In this post, we show you how to use these services to perform the following actions:
Detect the prevailing sentiment (positive, negative, neither, or both)
Detect the dominant language
Translate into your preferred language
Detect and redact entities (such as items, places, or quantities)
Detect and redact PII entities
We discuss how to set up UDFs in Kinesis Data Analytics Studio, the available functions, and how they work. We also provide a tutorial in which we perform text analytics on the Amazon Customer Reviews dataset.
The appendix at the end of this post provides a quick walkthrough of the solution capabilities.
We set up an end-to-end streaming analytics environment, where a Kinesis data stream is ingested with a trimmed-down version of the Amazon Customer Reviews dataset and consumed by a Kinesis Data Analytics Studio notebook powered by Apache Zeppelin. A UDF is attached to the entire notebook instance, which allows the notebook to trigger Amazon Comprehend and Amazon Translate APIs using the payload from the Kinesis data stream. The following diagram illustrates the solution architecture.
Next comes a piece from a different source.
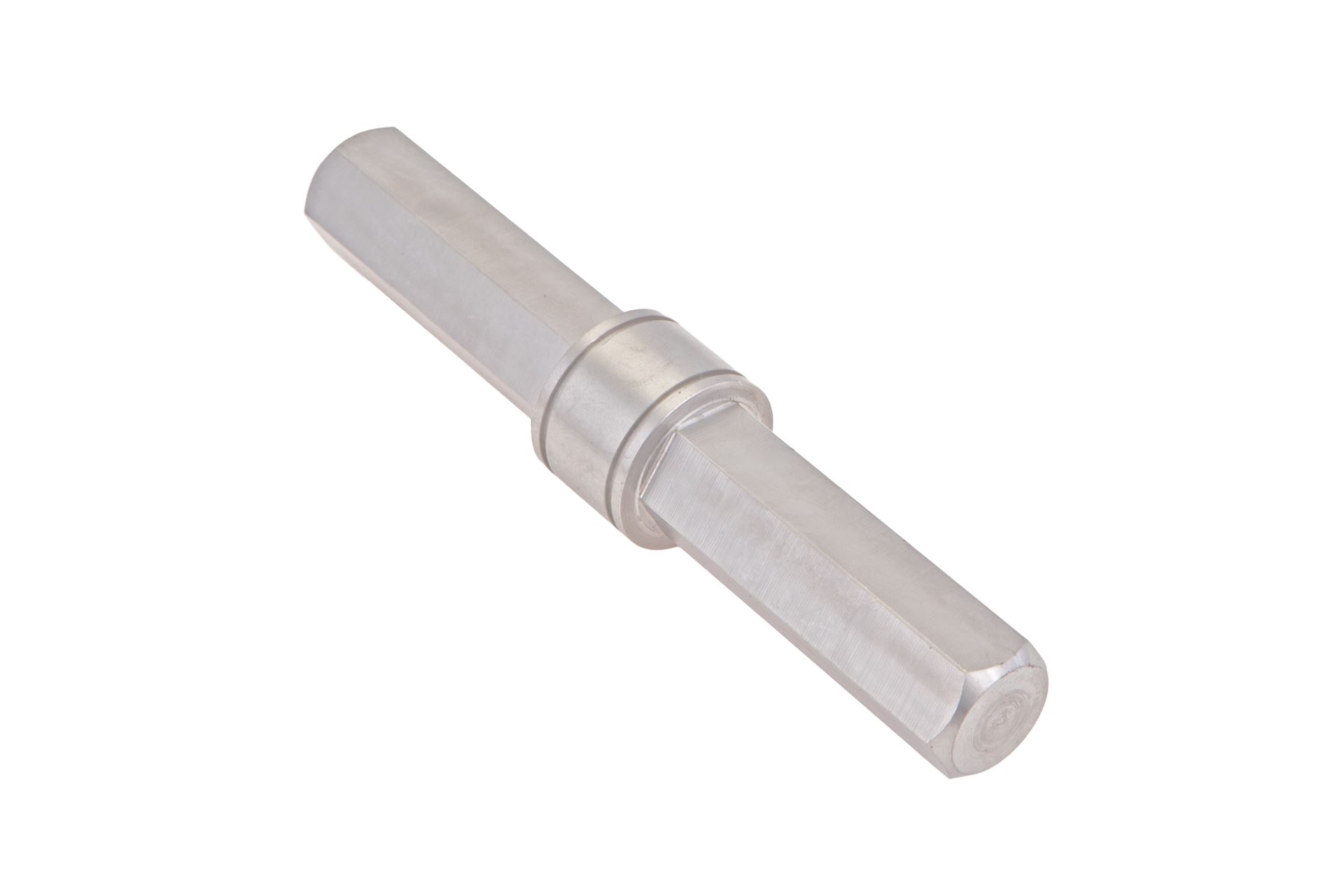 D28251565 – Вал (1)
The response from the UDF is used to enrich the payloads from the data stream, which are then stored in an Amazon Simple Storage Service (Amazon S3) bucket. Schema and related metadata are stored in a dedicated AWS Glue Data Catalog. After the results in S3 bucket meet your expectations, the Studio notebook instance is deployed as a Kinesis Data Analytics application for continuous streaming analytics.
How the UDF works
The Java class TextAnalyticsUDF implements the core logic for each of our UDFs. This class extends ScalarFunction to allow invocation from Kinesis Data Analytics for Flink on a per-record basis. The required eval method is then overloaded to receive input records, the identifier for the use case to perform, and other supporting metadata for the use case. A switch case within the eval methods then maps the input record to a corresponding public method. Within these public methods, use case-specific API calls of Amazon Comprehend and Amazon Translate are triggered, for example DetectSentiment, DetectDominantLanguage, and TranslateText.
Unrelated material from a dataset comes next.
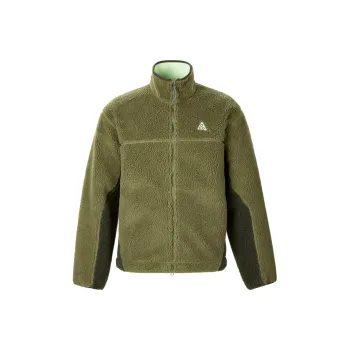 Nike 'Canwell Glacier' Men's Therma FIT Adv Windproof Jacket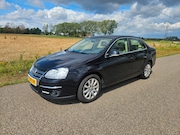 Volkswagen Jetta - 1.4 TSI Highline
Amazon Comprehend API service quotas provide guardrails to limit your cost exposure from unintentional high usage (we discuss this more in the following section). By default, the single-document APIs process up to 20 records per second. Our UDFs use exponential backoff and retry to throttle the request rate to stay within these limits. You can request increases to the transactions per-second quota for APIs using the Quota Request Template on the AWS Management Console.
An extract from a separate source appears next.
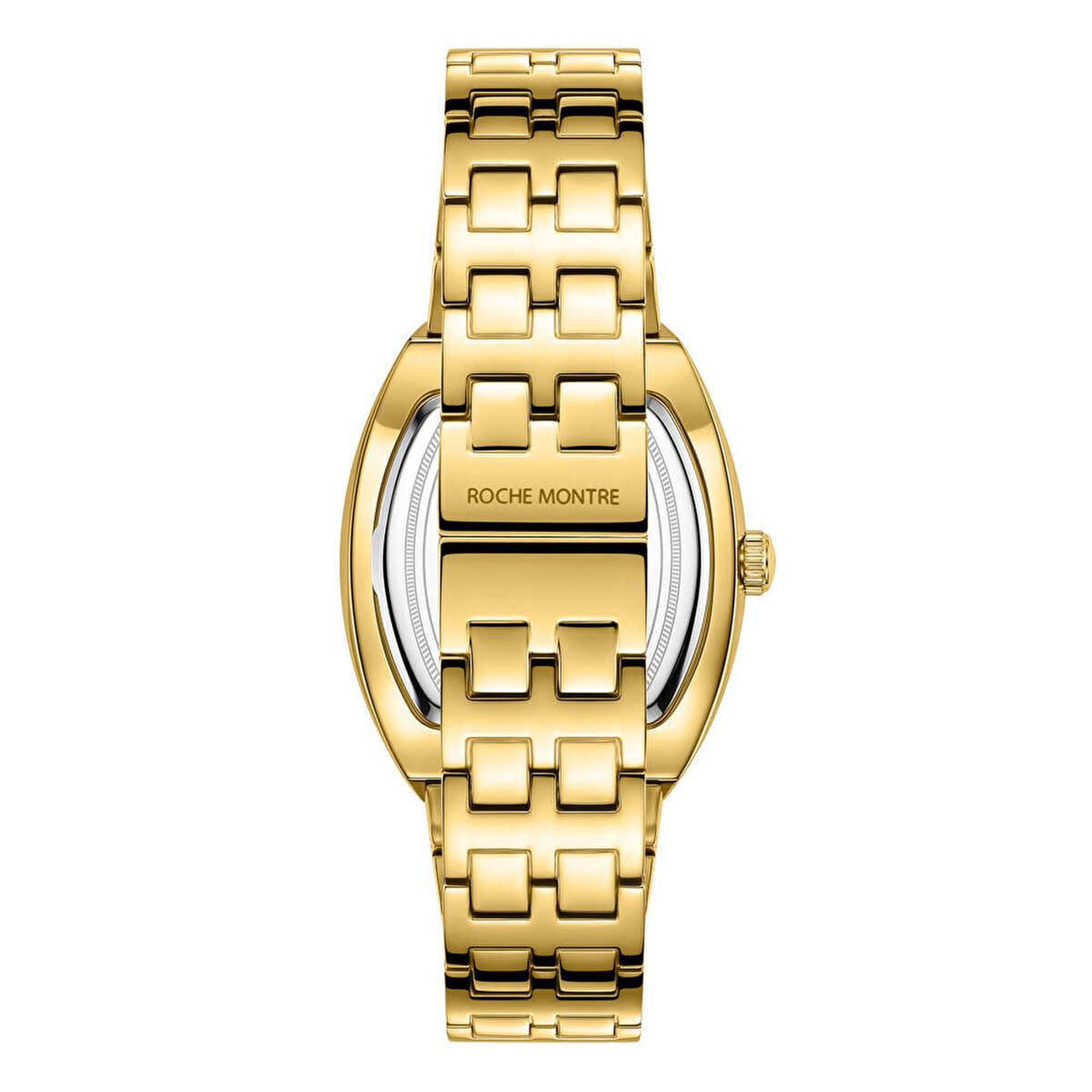 Roche Montre RML5023-02 Kadın Kol Saati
Amazon Comprehend and Amazon Translate each enforce a maximum input string length of 5,000 utf-8 bytes. Text fields that are longer than 5,000 utf-8 bytes are truncated to 5,000 bytes for language and sentiment detection, and split on sentence boundaries into multiple text blocks of under 5,000 bytes for translation and entity or PII detection and redaction. The results are then combined.
In addition to Kinesis Data Analytics costs, the text analytics UDFs incur usage costs from Amazon Comprehend and Amazon Translate. The amount you pay is a factor of the total number of records and characters that you process with the UDFs. For more information, see Amazon Kinesis Data Analytics pricing, Amazon Comprehend pricing, and Amazon Translate pricing.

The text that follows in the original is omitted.